I have a nonstandard balancer configuration. It is moving regions during a
split.
hbase.balancer.period=60000
hbase.master.balancer.stochastic.minCostNeedBalance=0.025
hbase.master.balancer.stochastic.regionCountCost=100
hbase.master.balancer.stochastic.localityCost=30
hbase.master.balancer.stochastic.moveCost=10
hbase.master.balancer.stochastic.readRequestCost=10
hbase.master.balancer.stochastic.writeRequestCost=15
I think there is a state desynchronization bug in the master when the balancer
decides to move regions around when a split is in progress.
Split procedure begins:
{noformat}
2021-04-30 19:11:39,874 INFO [PEWorker-65]
procedure.MasterProcedureScheduler: Took xlock for pid=79,
state=RUNNABLE:SPLIT_TABLE_REGION_PREPARE; SplitTableRegionProcedure
table=IntegrationTestLoadCommonCrawl, parent=22ab65a3e71c3ab7f94c1c47067ad54e,
daughterA=2b607331c1f37f7efa21ae6c2281c89e,
daughterB=4c53f22c3fe52af4a882a5f7936aa658
2021-04-30 19:11:39,874 INFO [PEWorker-65]
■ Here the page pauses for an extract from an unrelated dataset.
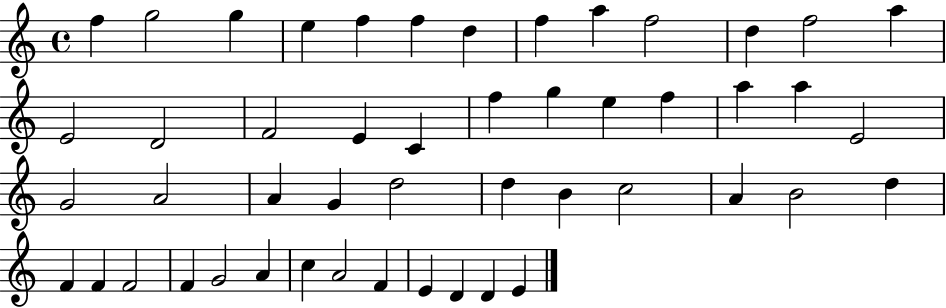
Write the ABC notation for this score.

procedure.MasterProcedureScheduler: Took xlock for pid=79,
state=RUNNABLE:SPLIT_TABLE_REGION_PREPARE; SplitTableRegionProcedure
table=IntegrationTestLoadCommonCrawl, parent=22ab65a3e71c3ab7f94c1c47067ad54e,
daughterA=2b607331c1f37f7efa21ae6c2281c89e,
daughterB=4c53f22c3fe52af4a882a5f7936aa658
2021-04-30 19:11:39,874 INFO [PEWorker-65]
procedure.MasterProcedureScheduler: Took xlock for pid=79,
state=RUNNABLE:SPLIT_TABLE_REGION_PREPARE; SplitTableRegionProcedure
table=IntegrationTestLoadCommonCrawl, parent=22ab65a3e71c3ab7f94c1c47067ad54e,
daughterA=2b607331c1f37f7efa21ae6c2281c89e,
daughterB=4c53f22c3fe52af4a882a5f7936aa658
{noformat}
UNASSIGN parent region (22ab65a3e71c3ab7f94c1c47067ad54e), includes WARN for
failed transition:
{noformat}
2021-04-30 19:11:39,878 INFO [PEWorker-65]
procedure2.ProcedureExecutor: Initialized subprocedures=[{pid=80, ppid=79,
state=RUNNABLE:REGION_STATE_TRANSITION_CLOSE; TransitRegionStateProcedure
table=IntegrationTestLoadCommonCrawl, region=22ab65a3e71c3ab7f94c1c47067ad54e,
UNASSIGN}]
2021-04-30 19:11:39,878 INFO [PEWorker-66]
procedure.MasterProcedureScheduler: Took xlock for pid=80, ppid=79,
state=RUNNABLE:REGION_STATE_TRANSITION_CLOSE; TransitRegionStateProcedure
table=IntegrationTestLoadCommonCrawl, region=22ab65a3e71c3ab7f94c1c47067ad54e,
UNASSIGN
2021-04-30 19:11:39,879 INFO [PEWorker-66]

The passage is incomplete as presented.